# Old Hondas never die



## Kotsos (May 7, 2011)

Hi all

After a year since my last write up I finally had some time to upload few pics from the work I did to my friends civic ek.

My friend Nick uses it as his workhorse so we decide to bring some gloss back, I knew it wouldn't be easy task.

Many pics to follow but I couldn't resist lol

This is car on arrival

From this distance all seemed ok



Closer look surely told another story















Prior to washing routine wheels cleaned using AS Smartwheels then IX used to remove bonded brake dust. Tyres and wheels arches cleaned using BH surfex

Safe washing routine using VP citrus prewash, maxolen foam and CG Citrus wash and gloss



Car moved inside dried and clayed.

This is how paint looked after decontamination , oxidation swirls holograms rds etc



























Paint condition was shocking but I knew I could exceed Nicks expectations

Paint readings were taking and everything was ready to start polishing



After a hit of Megs 101 on test panel results were looking promising.
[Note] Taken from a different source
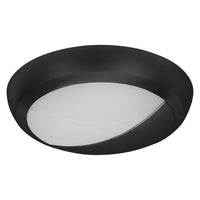 OSRAM LED BULKHEAD CORE EYELID Plafonnier, 16W, 4000K, Blanc froid, Noir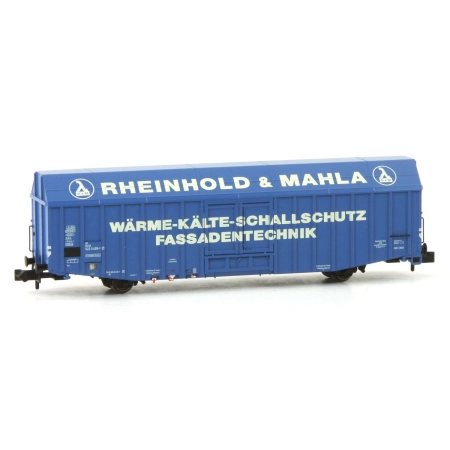 Liliput 265813-A23 - Wagon towarowy kryty Hbbks, DB, Ep.IV „RHEINHOLD & MAHLA”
So I continue to the rest of the bonnet

This is the difference under natural light





And this is how it looked under halide light











A pic during polishing in the rest of the bonnet when sun invades in the garage



Some reflections brought back to the paint



I continue to the rest of the car

As Nick bought this car used he never know that his paint had some nice flakes lol

50/50 and before after on right fender







Roof



Pillar



Passenger door





Rear door





Time for left side had come







Pillar





More work ahead













In case someone is wondering how polish changes the color follow pics can show the difference







Time to move on













After correction finished whole car refined using M205

Paint cleaned using 7010 ensuring no polish oils leftovers and perfect bonding with the lsp to follow.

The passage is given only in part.